Sen. Hillary Rodham Clinton (D-N.Y.) is planning to play host to a group of Iowans at her home in Northwest Washington, a move that further stokes speculation about her interest in a 2008 presidential bid.

The dinner, a fundraiser for her 2006 Senate campaign, is one of several events she has held that brings in out-of-state donors to D.C., said Ann Lewis, the head of Clinton’s Friends of Hillary political action committee.

“There are people in some states who want to not just contribute, but also spend time with her,” Lewis said. “It is one thing that we have found that people enjoy.”

Clinton did a similar event with Boston donors March 16, which was organized by philanthropist Barbara Lee. The Senator also hosted a group of California contributors at her home, a fundraiser put on by Esprit clothing co-founder Susie Tomkins Buell.

Asked about whether the goal of the Iowa dinner was to establish relationships in the pivotal early-caucus state, Lewis said only: “The purpose is to raise funds for 2006.”

But others familiar with the early planning stages of the fundraiser said that Iowa’s first-in-the-nation caucuses were likely to be discussed as well.

“I’m sure 2006 will be on the agenda,” one Democratic consultant said. “And I am also sure the conversations will meander over to the caucuses as well.”

The discussion agenda aside, Clinton’s decision to host a group of Iowa donors at her home piqued the interest of several would-be challengers and party strategists.

“Anybody who brings a bunch of Iowans to Washington is clearly thinking about running for president,” said one high-level party strategist not affiliated with any campaign.

“It is a sign of her political strength in this race that people from Iowa would fly to her house in Washington,” the source added. “She has a star appeal that the other [candidates] don’t have.”

Clinton is widely seen as the early frontrunner for the Democratic nomination in 2008. As such, every detail of her political life is examined under a microscope.

Perhaps as a result of such intense scrutiny, Clinton has refused to speculate on a possible future bid for national office, insisting that she is focused on winning re-election to a second term next November.

Most top-tier Republicans have dropped out of the Senate race.
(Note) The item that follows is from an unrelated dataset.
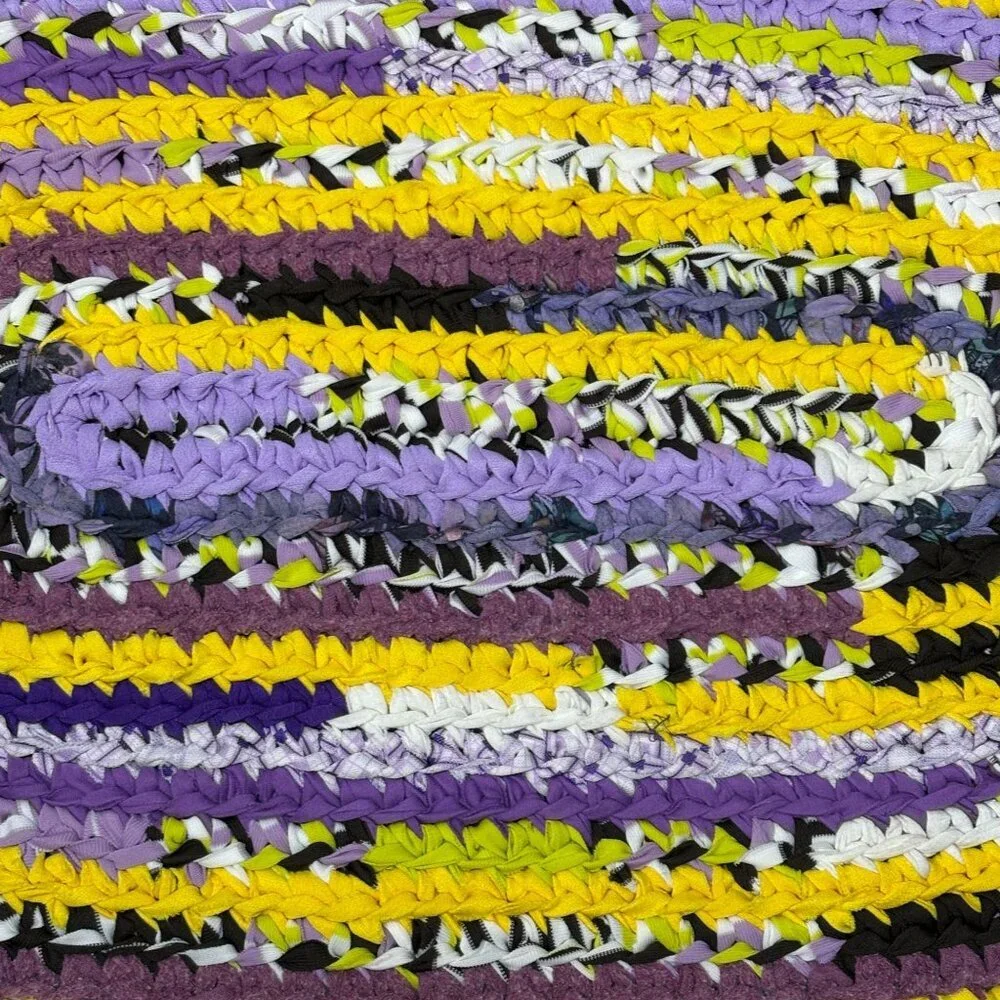 Oval Knot Rug Yellow Purple White New Handmade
The potential challenger now receiving the most attention is Ed Cox, son-in-law of the late President Richard Nixon. Cox is expected to form an exploratory committee in June.

Clinton’s message discipline has seeped down to her top aides and close confidantes, all of whom resist speaking publicly or even privately with the media about the potential presidential race.
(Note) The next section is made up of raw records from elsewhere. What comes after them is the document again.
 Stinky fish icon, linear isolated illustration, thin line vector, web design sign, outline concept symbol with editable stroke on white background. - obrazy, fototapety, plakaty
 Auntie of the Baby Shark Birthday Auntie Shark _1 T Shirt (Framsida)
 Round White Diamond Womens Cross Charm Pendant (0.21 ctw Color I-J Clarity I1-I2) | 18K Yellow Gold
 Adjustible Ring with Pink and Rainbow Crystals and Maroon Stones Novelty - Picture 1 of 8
“We take the 2006 race very seriously,” Lewis said. “That is why she is out there raising the funds she is going to need.”

With the other would-be presidential candidates jockeying to be the anti-Hillary, the New York Senator has largely avoided making any obvious moves to court key constituencies — especially those in Iowa and New Hampshire.
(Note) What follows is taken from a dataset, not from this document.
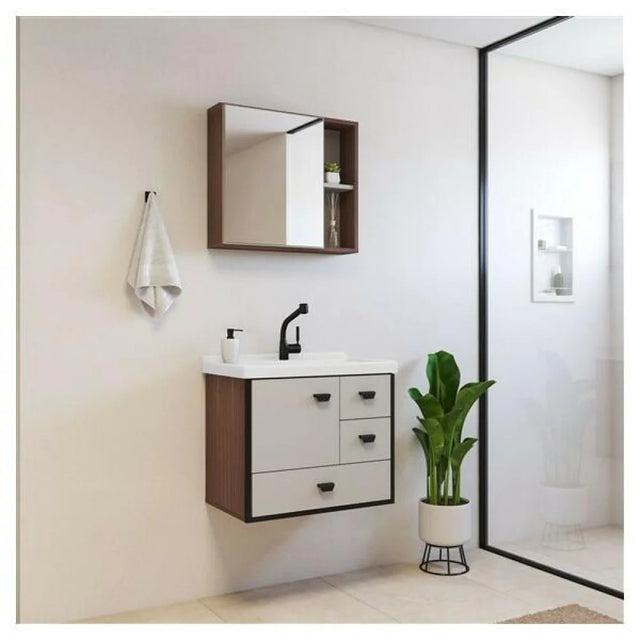 Gabinete com espelho London 60cm carvalho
Some of her potential rivals have been less secretive about their interest.

Indiana Sen. Evan Bayh recently conducted focus groups in the Hawkeye State to gauge the appeal of a candidate, such as himself, who has a lower national profile than Clinton or Massachusetts Sen. John Kerry.

Former North Carolina Sen. John Edwards, the party’s vice presidential nominee in 2004, spent two days in Iowa in late March and has also visited New Hampshire since the last election.

Though three proposals to reform the presidential primary schedule have been submitted to a Democratic National Committee commission, Iowa and New Hampshire seem likely to remain the first two proving grounds for would-be national candidates in 2008. Two of the three proposals would preserve the states’ traditional roles.

To date, Clinton has focused her attention on fundraising for 2006, bringing in nearly $4 million in the first three months of this year and banking more than $8.7 million at the end of March.

Clinton’s aggressive fundraising serves a dual purpose: It discourages serious GOP opponents from challenging her in 2006 and allows her to stockpile funds for 2008. That’s because federal election law allows Clinton to transfer the leftover funds in her Senate campaign account directly to a presidential effort.

Given her national fundraising prowess, one Democratic strategist dismissed the Clinton camp’s defense that the event was aimed simply at gathering dollars for 2006, noting that Iowa is not a state that produces large numbers of donors.

In the first three months of the 2006 campaign cycle, Clinton had received just three contributions of more than $200 from Iowans, totaling $1,000, according to Political Money Line.

Last cycle, Clinton received more than $40,000 from Iowa donors — a relatively small amount.

“Iowa’s export is politics, not money,” the source said.